[
https://issues.apache.org/jira/browse/ARROW-6377?page=com.atlassian.jira.plugin.system.issuetabpanels:all-tabpanel
]
Neal Richardson updated ARROW-6377:
-----------------------------------
Fix Version/s: (was: 0.16.0)
1.0.0
> [C++] Extending STL API to support row-wise conversion
> ------------------------------------------------------
>
> Key: ARROW-6377
> URL: https://issues.apache.org/jira/browse/ARROW-6377
> Project: Apache Arrow
> Issue Type: New Feature
> Components: C++
> Reporter: Omer Ozarslan
> Priority: Major
> Fix For: 1.0.0
>
>
> Using array builders is the recommended way in the documentation for
> converting rowwise data to arrow tables currently. However, array builders
> has a low level interface to support various use cases in the library. They
> require additional boilerplate due to type erasure, although some of these
> boilerplate could be avoided in compile time if the schema is already known
> and fixed (also discussed in ARROW-4067).

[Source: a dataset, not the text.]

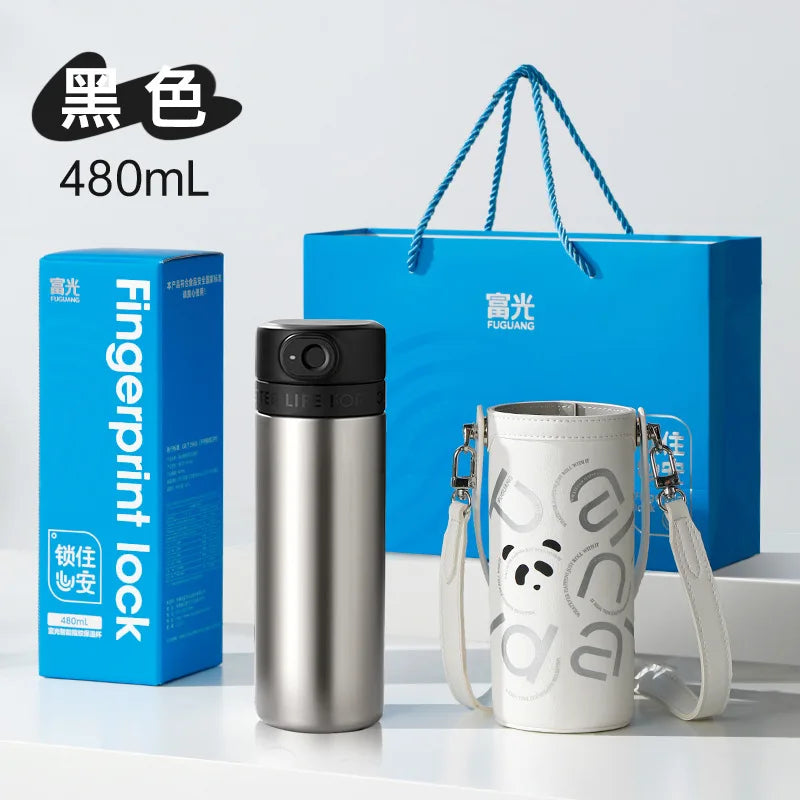 Two stainless steel water bottles with a blue gift bag and packaging on a white background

> In some other part of the library, STL API provides a nice abstraction over
> builders by inferring data type and builders from values provided, reducing
> the boilerplate significantly. It handles automatically converting tuples
> with a limited set of native types currently: numeric types, string and
> vector (+ nullable variations of these in case ARROW-6326 is merged). It also
> allows passing references in tuple values (implemented recently in
> ARROW-6284).
> As a more concrete example, this is the code which can be used to convert
> {{row_data}} provided in examples:
>
> {code:cpp}
> arrow::Status VectorToColumnarTableSTL(const std::vector<struct data_row>&
> rows,
> std::shared_ptr<arrow::Table>* table) {
> auto rng = rows | ranges::views::transform([](const data_row& row) {
> return std::tuple<int, double, const std::vector<double>&>(
> row.id, row.cost, row.cost_components);
> });
> return arrow::stl::TableFromTupleRange(arrow::default_memory_pool(), rng,
> {"id", "cost", "cost_components"},
> table);
> }
> {code}
> So, it allows more concise code for consumers of the API compared to using
> builders directly.
> There is no direct support by the library for other types (binary, struct,
> union etc. types or converting iterable objects other than vectors to lists).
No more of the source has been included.